[Your goal]
Pull each line holding "Stainless" out of the entries below.

[Start of Attachment]

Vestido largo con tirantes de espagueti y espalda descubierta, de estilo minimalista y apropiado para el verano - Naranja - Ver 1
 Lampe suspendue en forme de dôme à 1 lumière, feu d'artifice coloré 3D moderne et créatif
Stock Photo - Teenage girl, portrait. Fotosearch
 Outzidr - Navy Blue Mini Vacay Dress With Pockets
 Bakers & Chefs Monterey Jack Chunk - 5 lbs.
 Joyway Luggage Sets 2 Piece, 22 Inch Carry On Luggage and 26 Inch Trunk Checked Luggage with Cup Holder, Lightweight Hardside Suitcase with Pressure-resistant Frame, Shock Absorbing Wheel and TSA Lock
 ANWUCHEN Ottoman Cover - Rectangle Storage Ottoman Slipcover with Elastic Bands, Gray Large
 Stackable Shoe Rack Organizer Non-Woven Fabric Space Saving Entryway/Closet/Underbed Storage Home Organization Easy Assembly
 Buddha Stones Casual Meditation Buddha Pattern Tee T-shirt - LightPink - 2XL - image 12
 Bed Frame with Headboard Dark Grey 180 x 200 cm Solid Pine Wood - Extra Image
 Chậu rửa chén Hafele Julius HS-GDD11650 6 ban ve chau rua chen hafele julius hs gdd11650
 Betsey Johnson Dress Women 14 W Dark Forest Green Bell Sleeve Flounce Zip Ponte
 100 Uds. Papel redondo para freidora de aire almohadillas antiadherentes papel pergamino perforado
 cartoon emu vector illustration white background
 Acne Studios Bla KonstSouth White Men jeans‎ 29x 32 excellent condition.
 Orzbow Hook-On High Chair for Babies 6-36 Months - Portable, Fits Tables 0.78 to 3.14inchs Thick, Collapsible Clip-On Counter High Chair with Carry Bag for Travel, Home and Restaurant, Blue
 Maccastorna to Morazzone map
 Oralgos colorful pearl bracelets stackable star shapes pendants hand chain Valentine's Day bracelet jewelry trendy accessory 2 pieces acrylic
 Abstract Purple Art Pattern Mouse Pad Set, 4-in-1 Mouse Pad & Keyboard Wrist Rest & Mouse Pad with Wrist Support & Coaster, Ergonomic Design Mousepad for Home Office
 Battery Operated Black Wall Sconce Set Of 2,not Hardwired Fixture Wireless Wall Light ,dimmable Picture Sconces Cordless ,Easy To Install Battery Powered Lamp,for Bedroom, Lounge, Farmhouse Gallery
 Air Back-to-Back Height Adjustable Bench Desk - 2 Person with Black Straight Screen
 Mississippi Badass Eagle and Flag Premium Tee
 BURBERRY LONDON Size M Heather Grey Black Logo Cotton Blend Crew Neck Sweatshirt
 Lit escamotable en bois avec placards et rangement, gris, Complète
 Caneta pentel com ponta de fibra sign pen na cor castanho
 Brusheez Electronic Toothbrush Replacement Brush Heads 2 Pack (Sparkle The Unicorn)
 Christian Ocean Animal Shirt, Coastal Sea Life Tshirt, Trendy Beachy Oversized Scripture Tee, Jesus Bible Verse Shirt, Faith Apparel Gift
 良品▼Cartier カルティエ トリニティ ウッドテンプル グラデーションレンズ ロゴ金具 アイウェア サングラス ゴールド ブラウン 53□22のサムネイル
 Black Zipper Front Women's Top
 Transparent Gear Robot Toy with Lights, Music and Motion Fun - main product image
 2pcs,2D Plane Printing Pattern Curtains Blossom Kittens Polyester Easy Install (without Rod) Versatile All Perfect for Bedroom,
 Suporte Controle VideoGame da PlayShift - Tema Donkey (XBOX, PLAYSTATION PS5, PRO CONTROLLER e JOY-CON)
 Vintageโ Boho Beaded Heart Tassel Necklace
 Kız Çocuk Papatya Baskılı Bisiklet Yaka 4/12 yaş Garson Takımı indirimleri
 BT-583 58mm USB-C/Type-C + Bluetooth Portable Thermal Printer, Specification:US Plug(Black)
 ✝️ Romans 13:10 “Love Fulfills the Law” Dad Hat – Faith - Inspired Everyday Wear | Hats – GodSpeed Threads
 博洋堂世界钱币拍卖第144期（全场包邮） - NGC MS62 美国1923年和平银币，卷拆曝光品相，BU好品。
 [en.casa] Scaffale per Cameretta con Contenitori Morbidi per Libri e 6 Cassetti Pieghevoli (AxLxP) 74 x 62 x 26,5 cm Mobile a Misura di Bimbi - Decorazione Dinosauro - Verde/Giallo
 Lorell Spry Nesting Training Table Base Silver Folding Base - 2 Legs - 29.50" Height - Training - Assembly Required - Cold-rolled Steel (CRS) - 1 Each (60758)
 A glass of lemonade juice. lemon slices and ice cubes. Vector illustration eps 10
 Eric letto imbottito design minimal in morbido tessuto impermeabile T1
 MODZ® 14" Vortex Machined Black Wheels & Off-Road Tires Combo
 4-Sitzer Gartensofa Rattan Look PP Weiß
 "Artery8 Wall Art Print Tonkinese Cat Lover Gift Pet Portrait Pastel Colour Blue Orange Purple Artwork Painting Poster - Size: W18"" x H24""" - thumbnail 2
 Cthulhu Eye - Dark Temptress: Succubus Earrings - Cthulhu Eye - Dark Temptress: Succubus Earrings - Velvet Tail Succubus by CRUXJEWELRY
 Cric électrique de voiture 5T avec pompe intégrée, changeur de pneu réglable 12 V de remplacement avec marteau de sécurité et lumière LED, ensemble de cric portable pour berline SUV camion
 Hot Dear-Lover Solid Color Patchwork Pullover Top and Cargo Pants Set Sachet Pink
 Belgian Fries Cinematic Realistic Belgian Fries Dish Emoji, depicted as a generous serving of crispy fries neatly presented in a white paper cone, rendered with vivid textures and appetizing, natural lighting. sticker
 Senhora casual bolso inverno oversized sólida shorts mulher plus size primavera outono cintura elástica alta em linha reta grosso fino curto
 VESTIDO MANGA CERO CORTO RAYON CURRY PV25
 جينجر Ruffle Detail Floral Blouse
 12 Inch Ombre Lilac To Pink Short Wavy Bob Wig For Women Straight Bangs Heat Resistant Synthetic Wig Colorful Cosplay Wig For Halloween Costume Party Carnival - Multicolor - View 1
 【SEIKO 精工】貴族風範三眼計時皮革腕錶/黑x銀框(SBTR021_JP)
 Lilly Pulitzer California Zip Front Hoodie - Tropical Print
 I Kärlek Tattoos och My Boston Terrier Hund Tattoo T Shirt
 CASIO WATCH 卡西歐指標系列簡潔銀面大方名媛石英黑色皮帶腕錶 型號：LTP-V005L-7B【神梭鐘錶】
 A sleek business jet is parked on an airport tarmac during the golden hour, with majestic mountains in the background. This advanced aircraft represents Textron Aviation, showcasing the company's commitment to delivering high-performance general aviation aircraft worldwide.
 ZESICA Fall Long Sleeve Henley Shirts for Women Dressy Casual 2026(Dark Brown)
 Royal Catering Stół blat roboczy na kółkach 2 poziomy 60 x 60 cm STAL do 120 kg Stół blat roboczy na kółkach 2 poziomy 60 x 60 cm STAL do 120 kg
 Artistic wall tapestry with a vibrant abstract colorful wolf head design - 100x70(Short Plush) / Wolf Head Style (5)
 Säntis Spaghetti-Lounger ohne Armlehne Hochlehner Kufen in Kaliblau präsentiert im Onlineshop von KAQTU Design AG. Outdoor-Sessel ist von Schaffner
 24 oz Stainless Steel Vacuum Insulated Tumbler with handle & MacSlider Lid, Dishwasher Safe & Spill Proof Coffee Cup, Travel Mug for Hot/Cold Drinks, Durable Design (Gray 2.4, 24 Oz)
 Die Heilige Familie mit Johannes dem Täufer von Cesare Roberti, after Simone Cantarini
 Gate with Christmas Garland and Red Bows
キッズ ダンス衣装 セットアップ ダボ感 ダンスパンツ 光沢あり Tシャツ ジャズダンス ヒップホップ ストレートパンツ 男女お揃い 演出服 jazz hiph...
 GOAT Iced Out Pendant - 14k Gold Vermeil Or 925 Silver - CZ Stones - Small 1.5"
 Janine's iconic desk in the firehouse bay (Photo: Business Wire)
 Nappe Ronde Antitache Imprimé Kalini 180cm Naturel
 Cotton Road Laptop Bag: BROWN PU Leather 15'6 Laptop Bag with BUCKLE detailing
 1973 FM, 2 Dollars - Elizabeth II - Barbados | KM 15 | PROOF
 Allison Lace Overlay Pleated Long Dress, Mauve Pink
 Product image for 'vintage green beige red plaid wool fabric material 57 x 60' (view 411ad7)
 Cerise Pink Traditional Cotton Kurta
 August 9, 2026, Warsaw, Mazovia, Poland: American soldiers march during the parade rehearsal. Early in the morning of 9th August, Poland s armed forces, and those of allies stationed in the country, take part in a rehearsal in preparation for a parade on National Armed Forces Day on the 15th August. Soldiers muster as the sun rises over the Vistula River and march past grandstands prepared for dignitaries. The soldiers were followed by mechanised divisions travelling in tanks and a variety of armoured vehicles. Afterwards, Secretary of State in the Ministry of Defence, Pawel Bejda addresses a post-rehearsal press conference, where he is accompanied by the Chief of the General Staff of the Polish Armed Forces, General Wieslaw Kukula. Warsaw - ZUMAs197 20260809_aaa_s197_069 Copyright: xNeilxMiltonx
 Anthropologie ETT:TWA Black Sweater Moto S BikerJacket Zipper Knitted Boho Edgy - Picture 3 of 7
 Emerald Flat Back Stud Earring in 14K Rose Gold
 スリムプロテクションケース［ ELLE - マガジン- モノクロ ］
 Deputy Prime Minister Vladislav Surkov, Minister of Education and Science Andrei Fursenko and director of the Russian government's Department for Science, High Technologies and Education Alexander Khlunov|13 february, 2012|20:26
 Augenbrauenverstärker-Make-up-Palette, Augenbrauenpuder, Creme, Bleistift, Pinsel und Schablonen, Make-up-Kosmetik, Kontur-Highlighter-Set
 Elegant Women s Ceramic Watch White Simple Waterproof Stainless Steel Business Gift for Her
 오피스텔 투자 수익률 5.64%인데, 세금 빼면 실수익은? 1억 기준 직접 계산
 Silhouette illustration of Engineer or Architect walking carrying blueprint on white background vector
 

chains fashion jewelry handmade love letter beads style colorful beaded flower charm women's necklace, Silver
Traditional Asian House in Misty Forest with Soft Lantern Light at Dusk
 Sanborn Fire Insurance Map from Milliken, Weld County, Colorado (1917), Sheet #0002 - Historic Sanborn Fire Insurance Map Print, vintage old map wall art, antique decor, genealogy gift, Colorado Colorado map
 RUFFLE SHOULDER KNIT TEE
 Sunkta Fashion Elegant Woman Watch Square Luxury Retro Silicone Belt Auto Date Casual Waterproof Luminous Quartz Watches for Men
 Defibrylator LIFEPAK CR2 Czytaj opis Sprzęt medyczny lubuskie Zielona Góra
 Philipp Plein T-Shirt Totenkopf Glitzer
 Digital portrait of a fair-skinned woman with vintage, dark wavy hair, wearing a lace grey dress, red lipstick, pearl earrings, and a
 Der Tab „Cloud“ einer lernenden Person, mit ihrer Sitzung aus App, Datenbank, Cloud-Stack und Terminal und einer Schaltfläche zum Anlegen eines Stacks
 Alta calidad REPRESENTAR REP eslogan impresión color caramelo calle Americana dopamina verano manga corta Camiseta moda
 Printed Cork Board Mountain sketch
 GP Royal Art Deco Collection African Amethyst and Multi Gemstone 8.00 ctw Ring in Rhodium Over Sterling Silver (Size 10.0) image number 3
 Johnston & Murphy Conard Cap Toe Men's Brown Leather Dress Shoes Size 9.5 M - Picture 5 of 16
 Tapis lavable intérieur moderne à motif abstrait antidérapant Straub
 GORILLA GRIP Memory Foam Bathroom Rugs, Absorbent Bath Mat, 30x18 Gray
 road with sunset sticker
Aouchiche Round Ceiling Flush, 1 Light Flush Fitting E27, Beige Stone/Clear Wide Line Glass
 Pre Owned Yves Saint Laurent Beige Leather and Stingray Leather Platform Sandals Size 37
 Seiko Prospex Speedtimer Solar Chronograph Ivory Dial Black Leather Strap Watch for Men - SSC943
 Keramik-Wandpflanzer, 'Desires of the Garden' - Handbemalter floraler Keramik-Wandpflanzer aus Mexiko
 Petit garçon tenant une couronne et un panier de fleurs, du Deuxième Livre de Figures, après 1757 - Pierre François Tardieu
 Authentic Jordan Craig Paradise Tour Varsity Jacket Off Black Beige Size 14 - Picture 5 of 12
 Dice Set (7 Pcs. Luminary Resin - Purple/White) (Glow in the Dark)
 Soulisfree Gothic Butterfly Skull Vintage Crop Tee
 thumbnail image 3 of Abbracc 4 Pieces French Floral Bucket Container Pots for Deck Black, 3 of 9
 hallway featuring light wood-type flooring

[End of Attachment]

[Response box]
 24 oz Stainless Steel Vacuum Insulated Tumbler with handle & MacSlider Lid, Dishwasher Safe & Spill Proof Coffee Cup, Travel Mug for Hot/Cold Drinks, Durable Design (Gray 2.4, 24 Oz)
 Elegant Women s Ceramic Watch White Simple Waterproof Stainless Steel Business Gift for Her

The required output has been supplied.